Sustainability: Paper Recovery & Recycling

In NZ, just 58% of the paper and paperboard consumed is recycled every year yet it is one of the most recycled of all materials. The NZ paper value chain is committed to maximising paper recycling rates, reducing barriers that hamper the ability to recycle paper.

Recycling paper is the most eco-efficient waste management option, and the use of recycled fibres complements the need for virgin wood fibre to meet societal demand for paper and board products.


Increase Paper Recycling

The paper recycling process starts with you. Once you have consumed a paper product, it can be placed in the recycling bin and collected alongside other used paper products from businesses, households and offices.

In 2020, Australia recycled 87% of all paper and paperboard consumed, making Australia the paper recycling champion with the highest rate globally.


Recycling Lifespan

Paper cannot be recycled indefinitely as the fibres get too short and worn out to be useful. Also, production cannot be based on 100% recycled fibre as 100% consumption cannot be collected (eg. Sanitary products, insulation use, etc). 

The cycle must therefore constantly be refilled with new strong virgin fibres from sustainably managed forests.


An Essential Raw Material

To maintain quality, it is important that paper is collected separately from other materials.

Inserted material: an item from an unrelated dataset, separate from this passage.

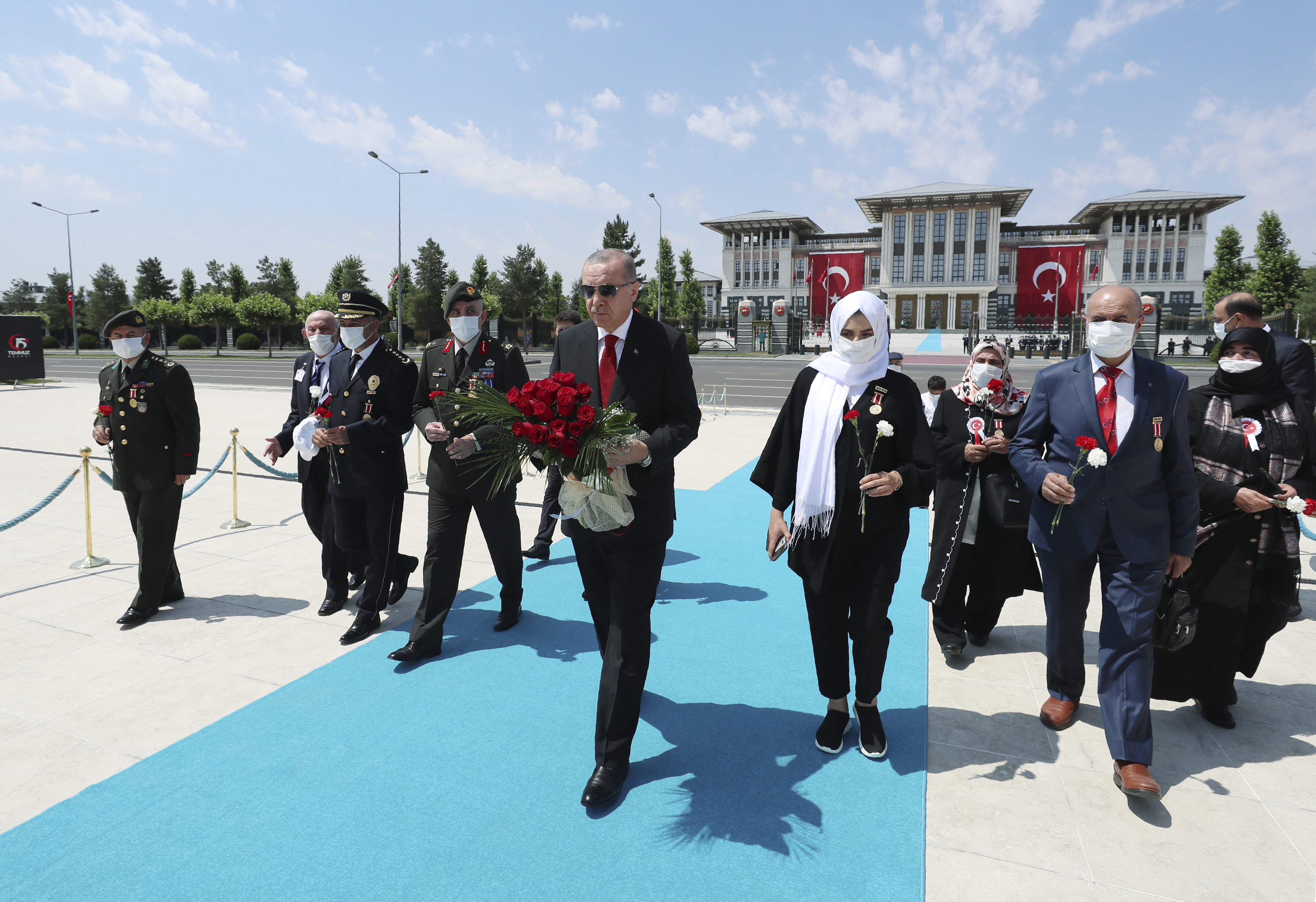 Turkey's President Recep Tayyip Erdogan and family members of coup victims walk to place a bouquet of flowers at the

It can be sorted and graded to determine the end uses for which it will be suitable.

The recovered paper is then mixed with water so that the fibres can be recovered. During this process, contaminants are removed, the fibres cleaned and, if necessary, ink is removed.

The resulting pulp may then be used to produce 100% recycled paper, or mixed with virgin fibre.


The paper making process is a sustainable cycle. Recyclability is one of the key environmental benefits of cellulose fibres, together with renewability, biodegradability y and CO2 mitigating role of sustainably managed forests.